Writing custom scripts for batch processing of data allows one to tailor the reconstruction workflow perfectly for each particular case. However, not every research group can afford to have a person with a computer science background or an image processing specialist. To address this problem we have developed a user-friendly interface tofu ez which can be used to reconstruct data by scientists without substantial knowledge of the Linux command line or Python scripting skills. Tofu ez (Fig. 4[link]) simplifies the usage of ufo-launch and tofu by exposing all important parameters in a PyQT5-based interface and automatically formatting a suitable list of commands depending on the user input. Typical applications of tofu ez include:

[Figure 4]
Figure 4
Main window of the tofu ez interface.

(i) Optimization of reconstruction parameters.

(ii) Single-click reconstruction of freshly acquired data during the experiment.

(iii) Horizontal and vertical stitching of adjacent CT volumes.

(iv) Batch processing of data after the experiment.

(v) Data reduction and preparation for further analysis and 3D visualization.

In order to start using tofu ez one prerequisite must be fulfilled: tomographic projections and auxiliary images required for intensity normalization (images acquired with sample moved out of the beam and detector background noise images, colloquially referred to as flats and darks) must be saved in separate directories as separate tif files or in a bigtiff container.

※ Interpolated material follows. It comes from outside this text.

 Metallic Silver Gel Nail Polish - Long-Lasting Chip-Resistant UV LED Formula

At the beginning of a reconstruction, tofu ez creates a list of paths to all valid CT directories in the input directory. The names of CT directories are compared with the directory tree in the output directory (the relative path to a CT set in the input directory is preserved when results are saved in the output directory). Those CT sets whose names are not yet in the output directory will be reconstructed. If requested, tofu ez will automatically estimate the center of rotation parameter, which is the only unknown variable in the input of the filtered backprojection algorithm in parallel beam geometry. This information is used during the second pass, when the program creates an array of ufo-launch and tofu commands according to defined parameters and then executes them sequentially. The commands can also be printed on the screen. Fig. 5[link] shows how tofu ez creates workflows in different situations. Metadata can be loaded from a configuration file and all parameters that could be used to re-run the reconstruction are saved automatically along with the reconstructed data.

[Figure 5]
Figure 5
Block diagram of the tofu ez workflow generation. PR stands for phase retrieval; inpaint refers to an algorithm which removes large spots stemming from scintillator defects.

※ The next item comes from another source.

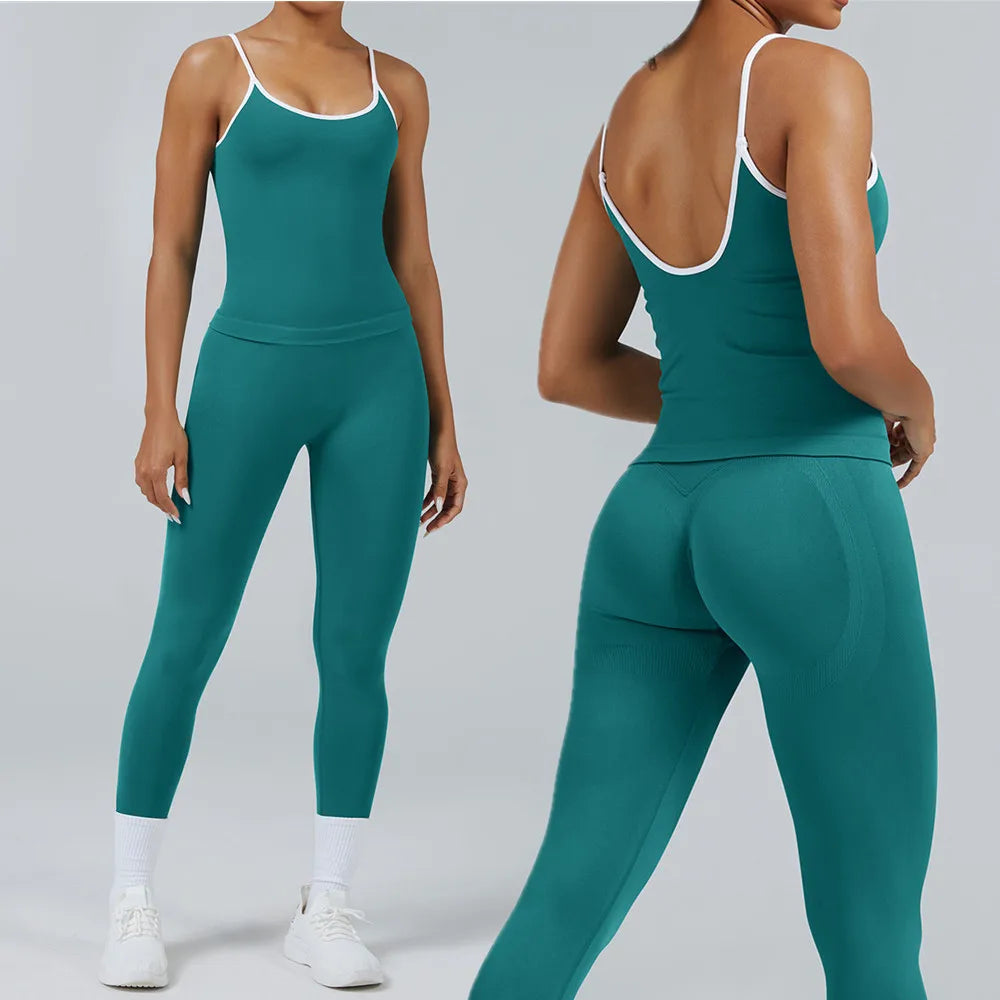 Conjunto Deportivo Mujer 2 Piezas Push Up – Leggings Cintura Alta + Crop Top Manga Larga (XP219)  ✨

Operations belonging to the following 12 categories can be chained together to form a workflow which can be applied to multiple data sets in the input directory automatically:

(i) Horizontal stitching of half acquisition mode data (see explanation in the paragraph below the list).

(ii) Pre-processing with arbitrary ufo-launch workflow; default option is the remove-outliers filter for the suppression of `zinger' artifacts.

(iii) Removal of large spots which stem from defects in the scintillator crystal.

(iv) Flat-field correction including dynamic intensity normalization (Van Nieuwenhove et al., 2015[Van Nieuwenhove, V., De Beenhouwer, J., De Carlo, F., Mancini, L., Marone, F. & Sijbers, J. (2015). Opt. Express, 23, 27975-27989.]).

(v) Phase-retrieval.

(vi) Filtration of sinograms for the suppression of ring artifacts; fast Fourier transform based filter as well as a method which does not rely on the Fourier transform (Vo et al., 2018[Vo, N. T., Atwood, R. C. & Drakopoulos, M. (2018). Opt. Express, 26, 28396-28412.]) are available.

(vii) Automatic estimation of the position of the center of rotation; two different algorithms are available.

(viii) Tomographic reconstruction with tofu reco.

(ix) Crop output slices and rotate the object within the reconstructed slice.

(x) Clip the histogram and convert reconstructed values to either 8 or 16 bit integers and save in the corresponding file format.

(xi) Suppress noise in the reconstructed slices with the non-local means de-noising filter.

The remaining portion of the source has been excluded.